The Dalton School, originally called the Children's University School, was founded by Helen Parkhurst in 1919. It was a time marked by educational reform. Philosophers, teachers, and child psychologists identified as "progressives" began to question the conventional wisdom of the day which held that education was a process of drill and memorization and that the only way to teach was to regiment children in classrooms. Their natural instincts to play, to move, to talk, and to inquire freely were suppressed.
The name "Dalton" refers to Dalton in Massachusetts, where Parkhurst frequently visited. Progressive educators believed that the development of the whole child is of primary importance; that children are social beings and that schools should be communities where they can learn to live with others; that these communities should devote themselves to the total enrichment of mind, body, and spirit.

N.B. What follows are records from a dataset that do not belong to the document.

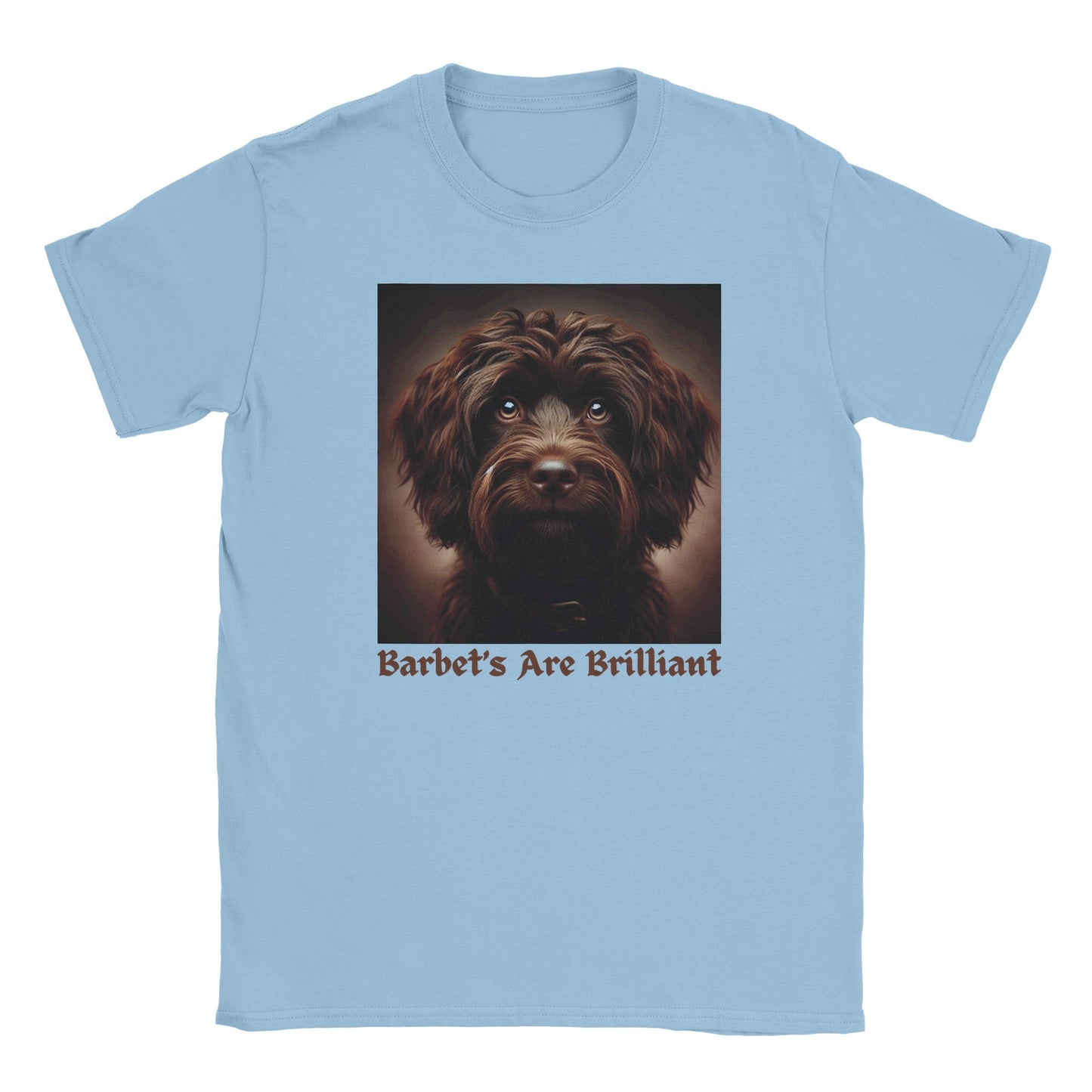 Barbet Dog Classic Unisex T-Shirt - PetSelfie - Petselfie
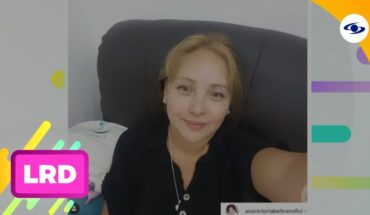 Video: La Red: Ana Victoria Beltrán compartió el secreto para perder de peso tras el embarazo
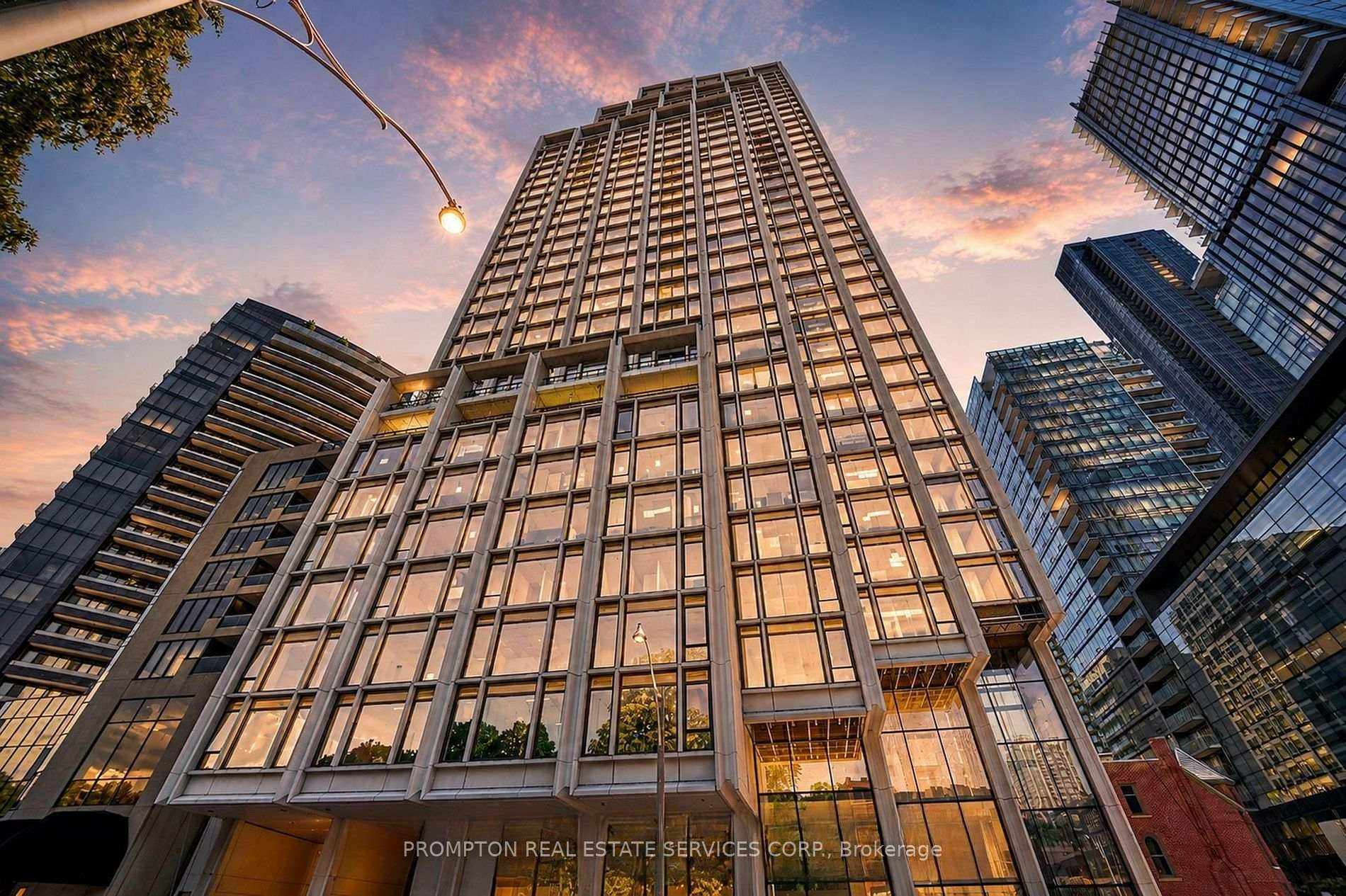 Front of Unit 3302, 1315 Bay st Street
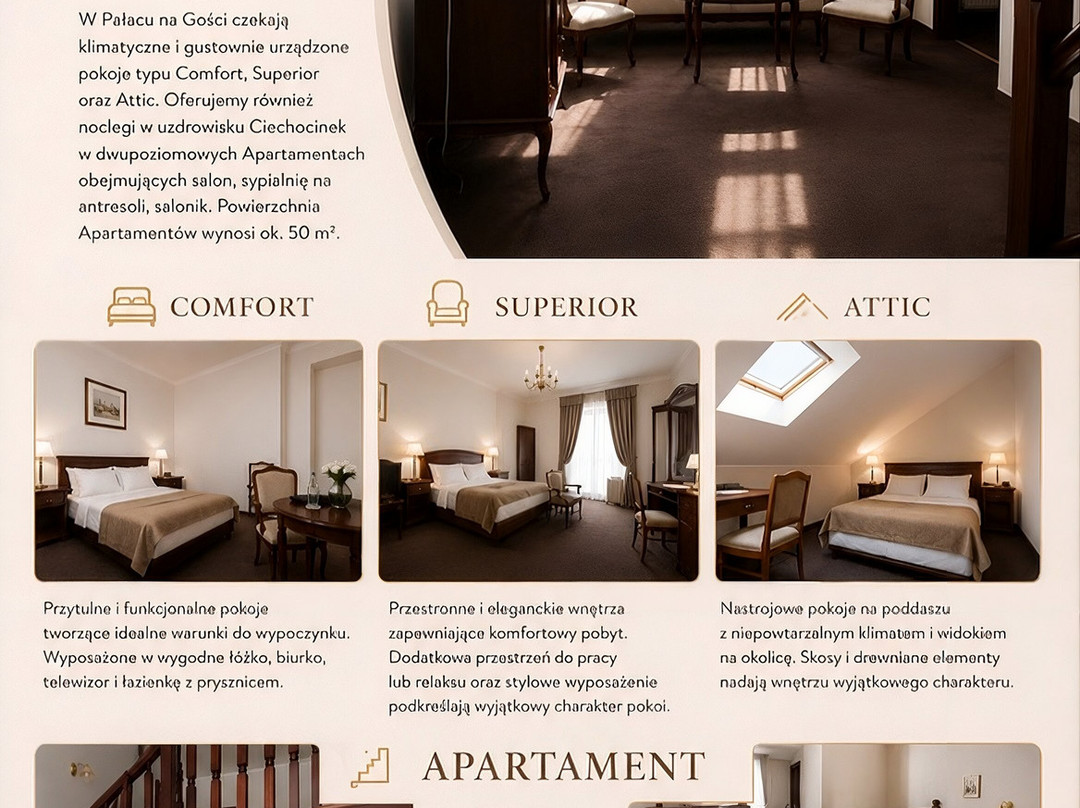 Łazienki II Palace Resort主图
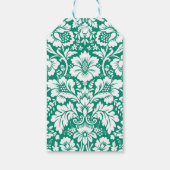ダマスクパターン10 ギフトタグ (裏面)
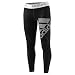 adidas Women's Alphaskin Sport Long Logo Tights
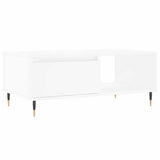 Vidaxl salontafel 90x50x36,5 cm bewerkt hout wit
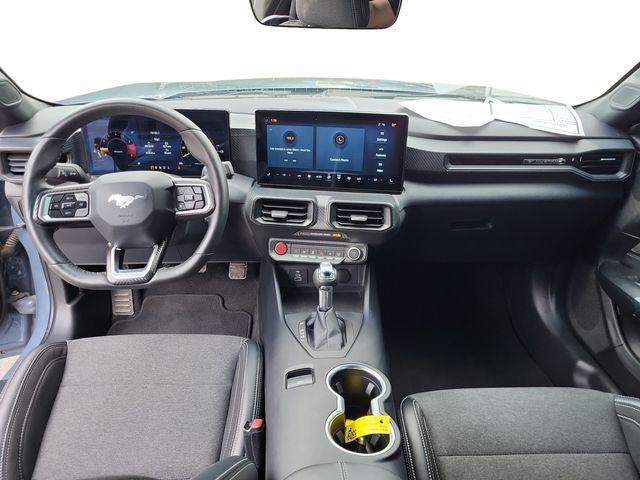 Photo of 2024 Vapor Blue Metallic Ford Mustang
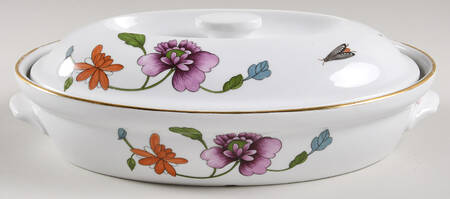 Astley (Oven To Table) 10" Oval Entree Dish & Lid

After experimentation in her own one-room school with Maria Montessori, Helen Parkhurst visited other progressive schools in Europe including Bedales School and its founder and headmaster John Haden Badley in England. She developed what she termed the Dalton Plan which called for teachers and students to work together toward individualized goals. The Laboratory Plan was first put into effect as an experiment in the high school of Dalton, Massachusetts, in 1916. The estate of her benefactor Josephine Porter Boardman, was also near the town of Dalton and from this beginning the Laboratory Plan and school eventually took their names.